Work item> Retype only the lines below from the one with "2022 Volkswagen Lavida 1.4T 150HP L4 7DCT" to the one with "2024 MY25 Nissan X-Trail T33 ST SUV", inclusive, skipping every image.

Source material>
◆ ◆ ◆ ◆

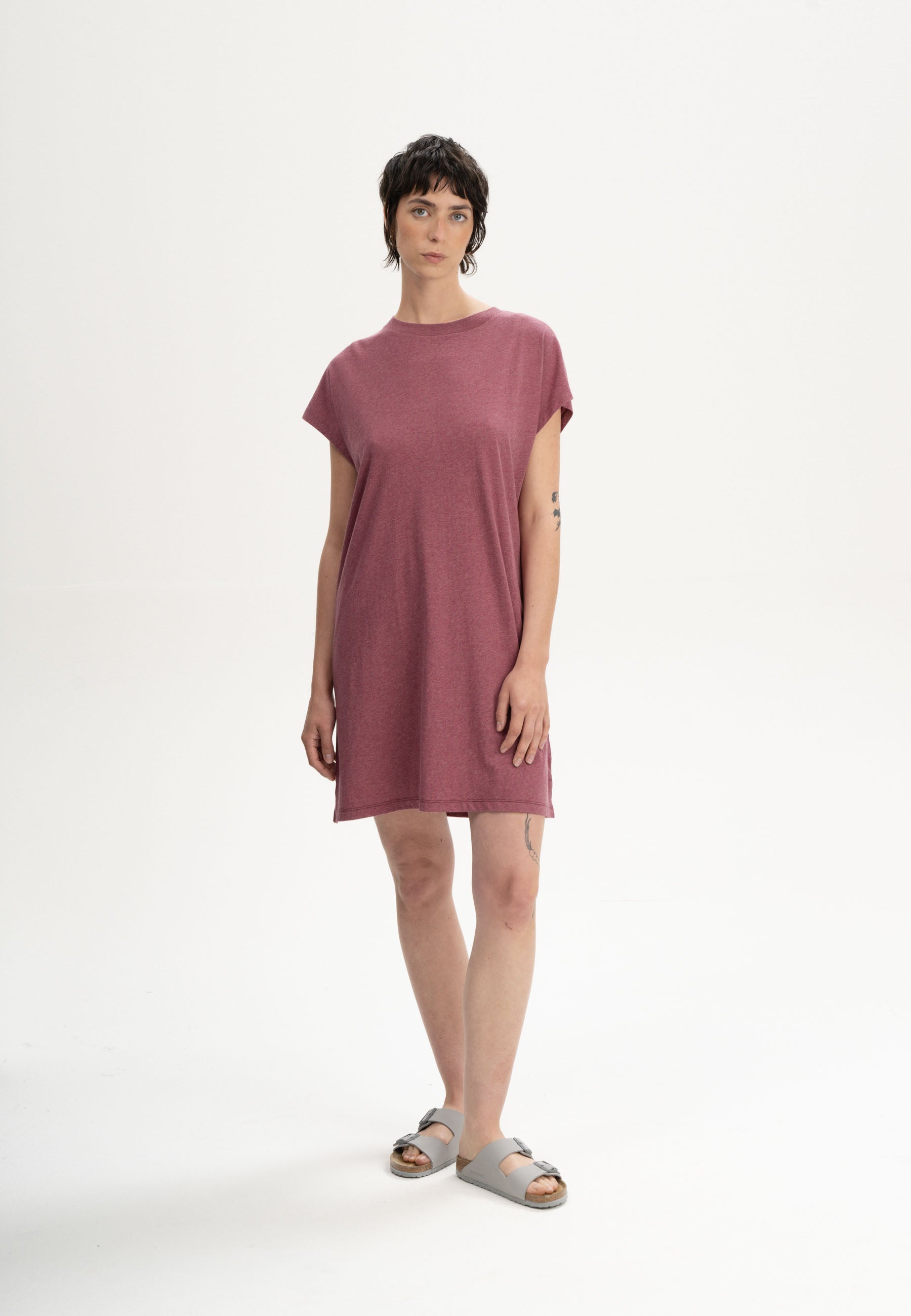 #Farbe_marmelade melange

◆ ◆ ◆ ◆

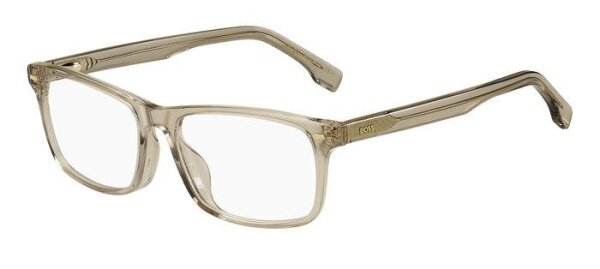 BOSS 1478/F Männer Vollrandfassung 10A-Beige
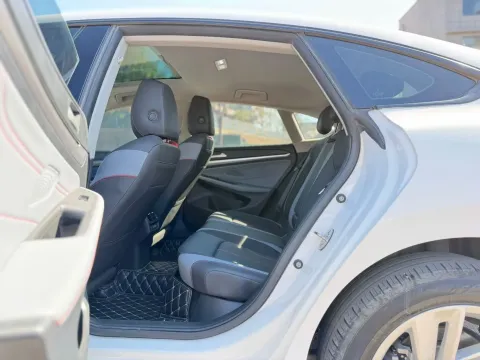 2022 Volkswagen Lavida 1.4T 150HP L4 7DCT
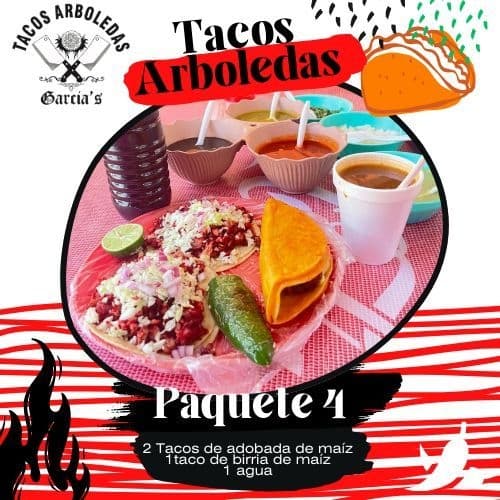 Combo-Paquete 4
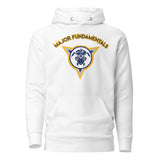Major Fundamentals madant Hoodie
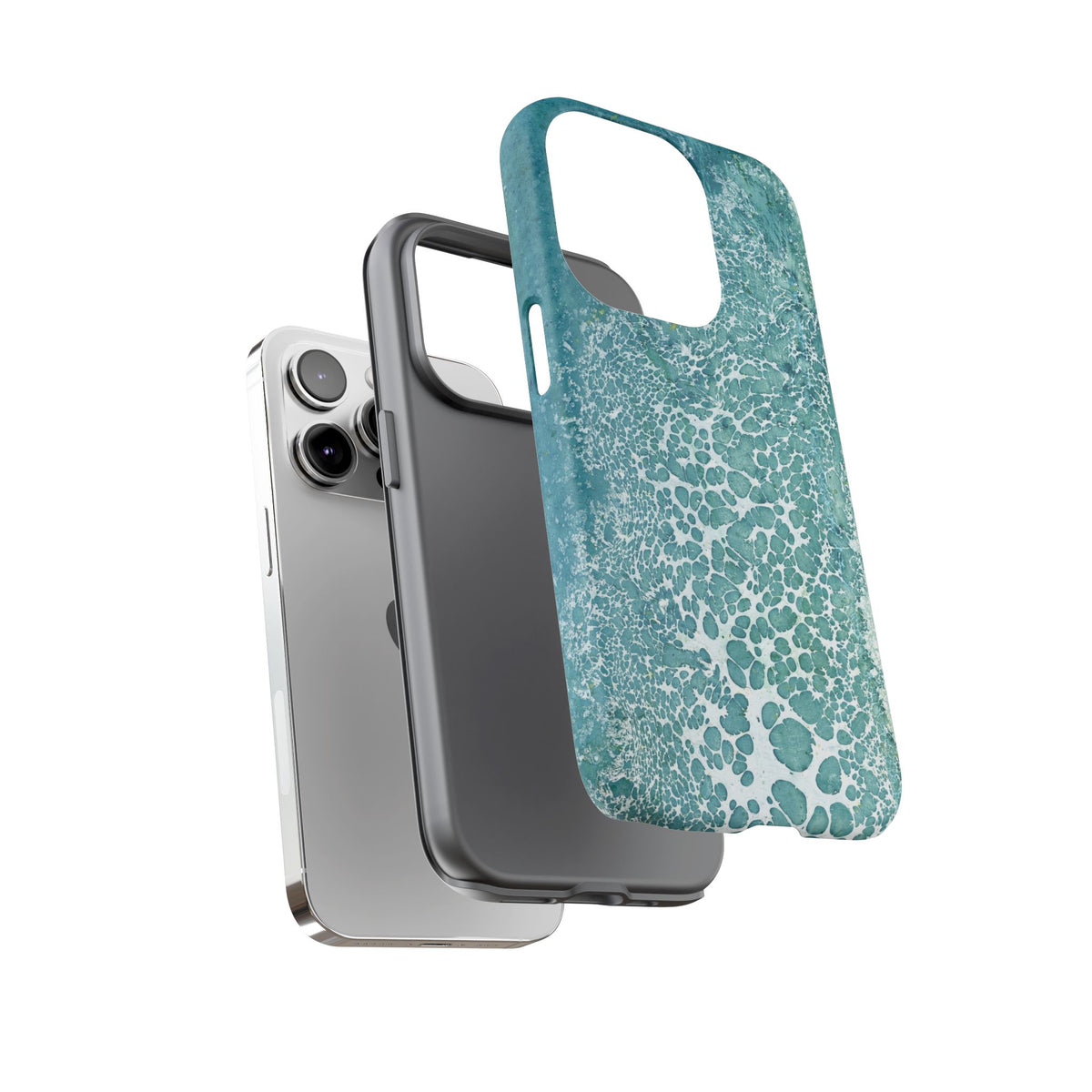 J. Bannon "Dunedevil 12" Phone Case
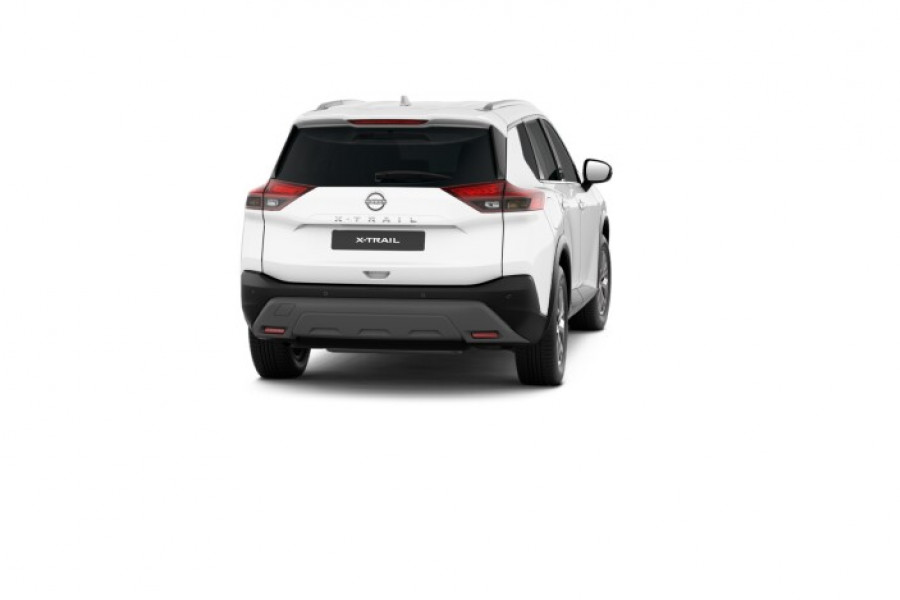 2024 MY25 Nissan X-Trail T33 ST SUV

◆ ◆ ◆ ◆

Solution to the problem>
 2022 Volkswagen Lavida 1.4T 150HP L4 7DCT
 Combo-Paquete 4
Major Fundamentals madant Hoodie
 J. Bannon "Dunedevil 12" Phone Case
 2024 MY25 Nissan X-Trail T33 ST SUV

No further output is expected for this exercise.